Noting the concern on Mon-El's face, Kara's cousin explains, "It renders Kryptonians temporarily powerless for as long as they're in contact with it."
"We got the primer from Kara while we were in the Phantom Zone. It's just that…I promised Trel that no harm would come to her. Making her vulnerable on purpose, just makes it harder to keep that promise. That's all."
"She's perfectly safe. She'll wear the Kryptonite for as long as it takes to render the necessary medical treatment to her unborn child and regain consciousness."

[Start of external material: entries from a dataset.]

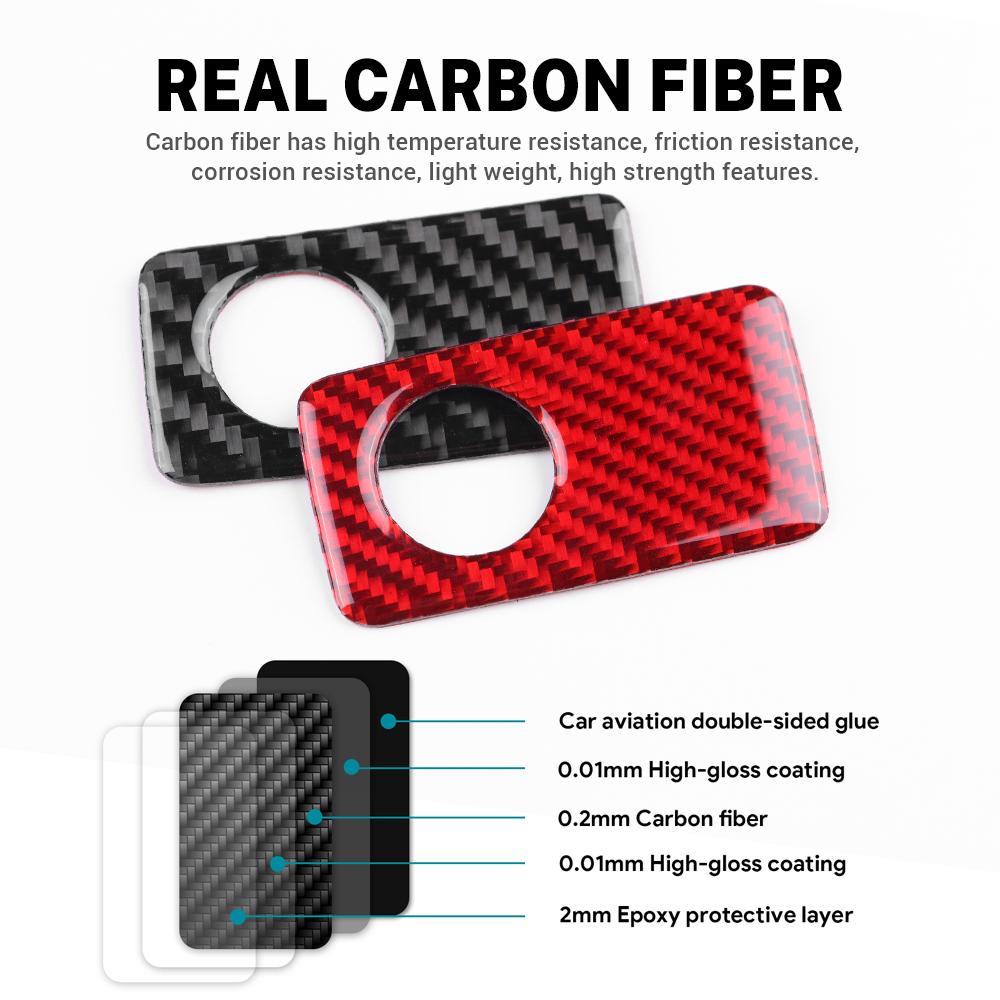 Real Soft Carbon Fiber Sticker For Kia Stinger 2019 2020 2025 2025 2025 LHD RHD Car Co-Pilot Golve Box Interior Trim Accessories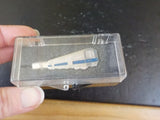 Jewelry Passenger car tie clip Silver & blue in color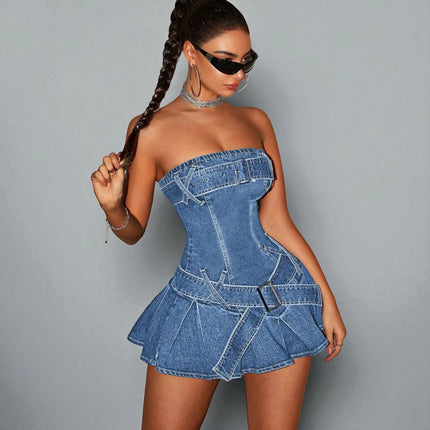 Robe en Jean Corset
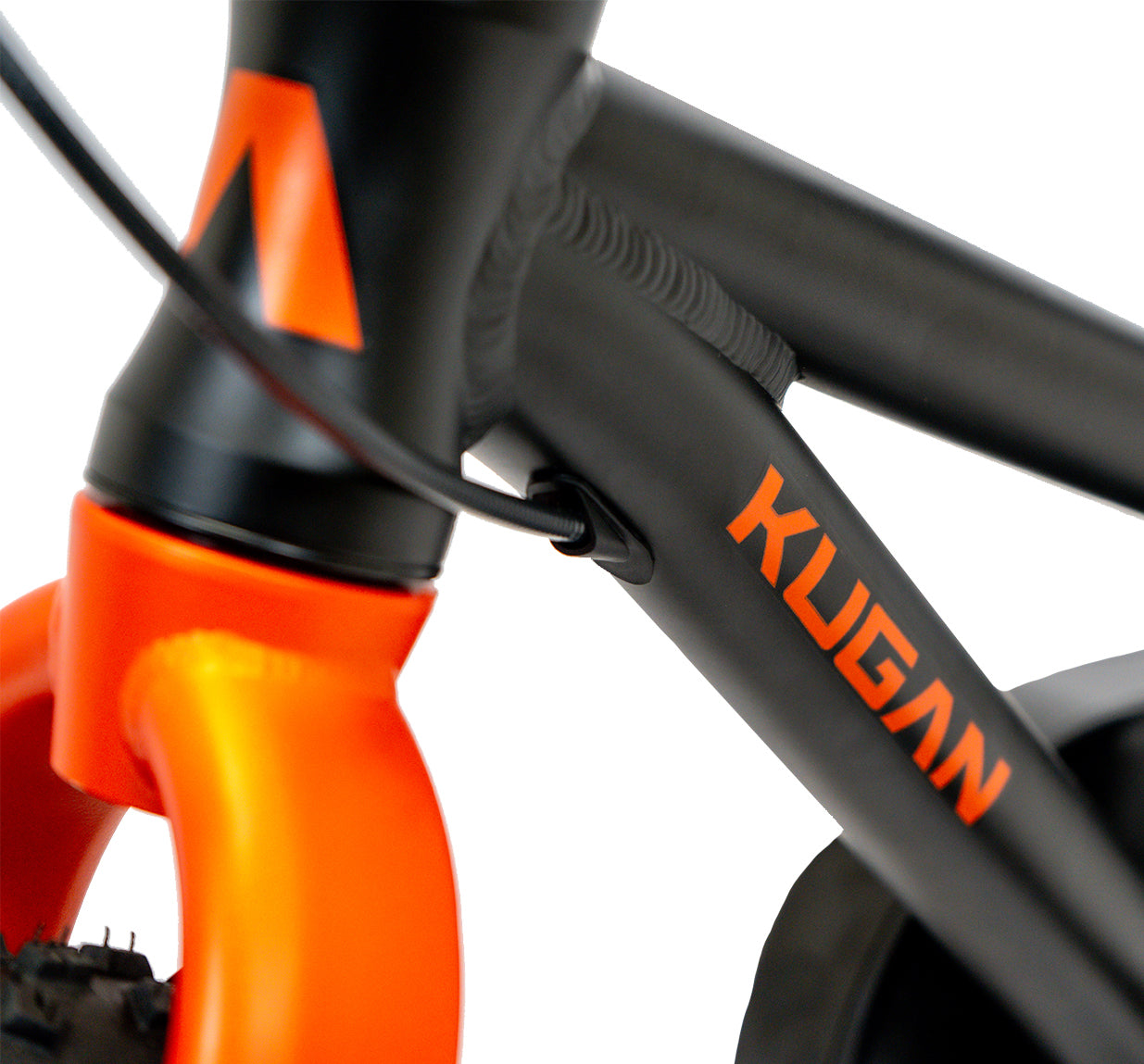 Bicicleta Niño Kugan Dual Ride 12 Black/Orange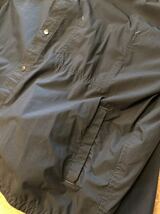 名作！ Porter Classic ポータークラシック 22SS POPLIN GATHERED JACKET ポプリンギャザーコーチジャケット ネイビー サイズ 2_画像9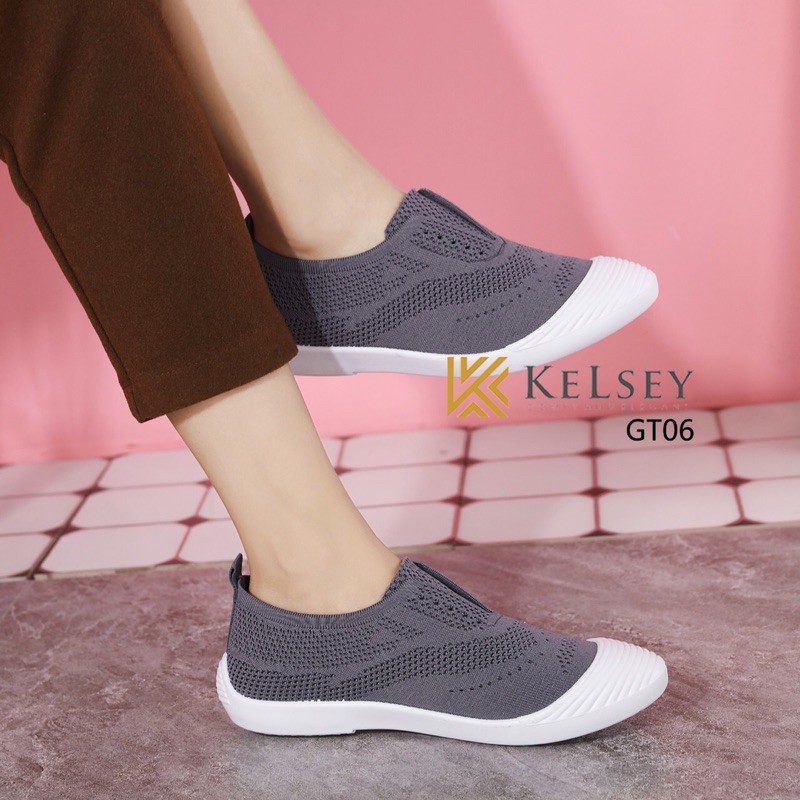 (GRATIS ALAS KAKI) Sepatu Slip On Wanita KELSEY GT06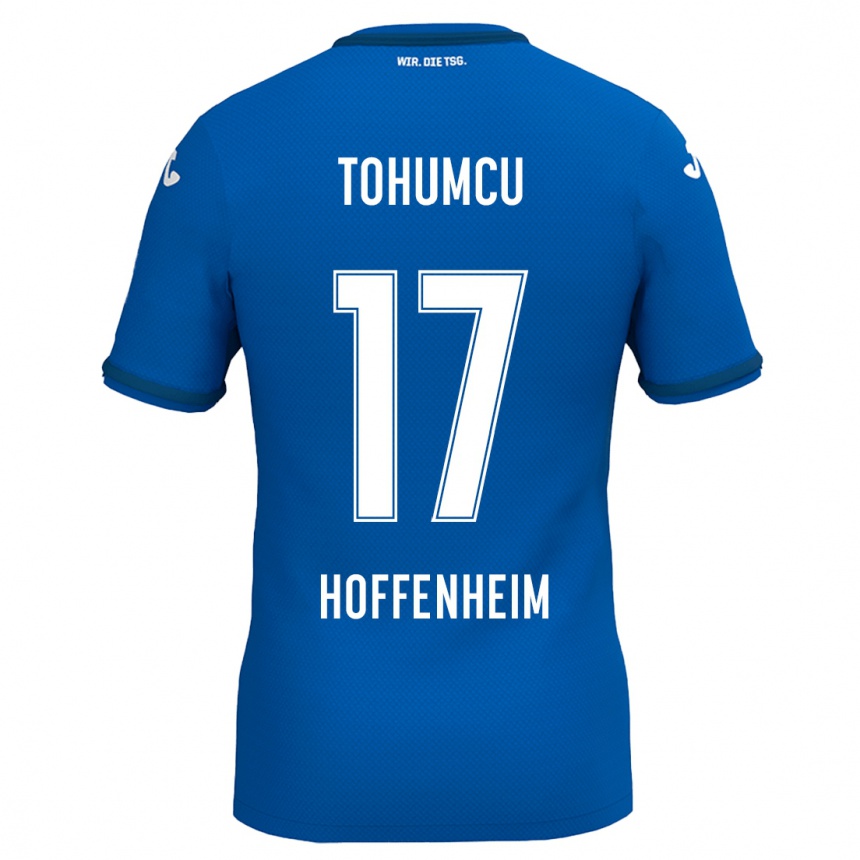 Homme Football Maillot Umut Tohumcu #17 Bleu Royal Tenues Domicile 2024/25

"We don't want her waking from stasis with superpowers. We've made that mistake before, if memory serves," Alex refers to Mon-El's own emergence from pod stasis. In his confusion and disorientation, he'd had a tense and physical confrontation with Supergirl and multiple DEO agents before escaping into the night of a world that was utterly strange to him. At the time, when he opened his eyes, all he saw was that his guard, though beautiful, wore a Kryptonian sigil for the House of El. The last person he'd seen wearing that sigil had been murdered on his planet, just before he'd stolen the dead man's pod. In the moment, he'd had no reason to believe he'd awoken in safety.
"It can be quite terrifying," he agrees. "It's probably for the best."
"We thought so, too," Alex concurs. "It's been nearly two weeks since I returned from the Phantom Zone—"
"Two weeks?!" Mon-El's interjects, eyes widen.
"It was enough time to plan. Enough time to get the Projector to the DEO, so that Gata could be taken straight to the Infirmary to have her medical needs addressed."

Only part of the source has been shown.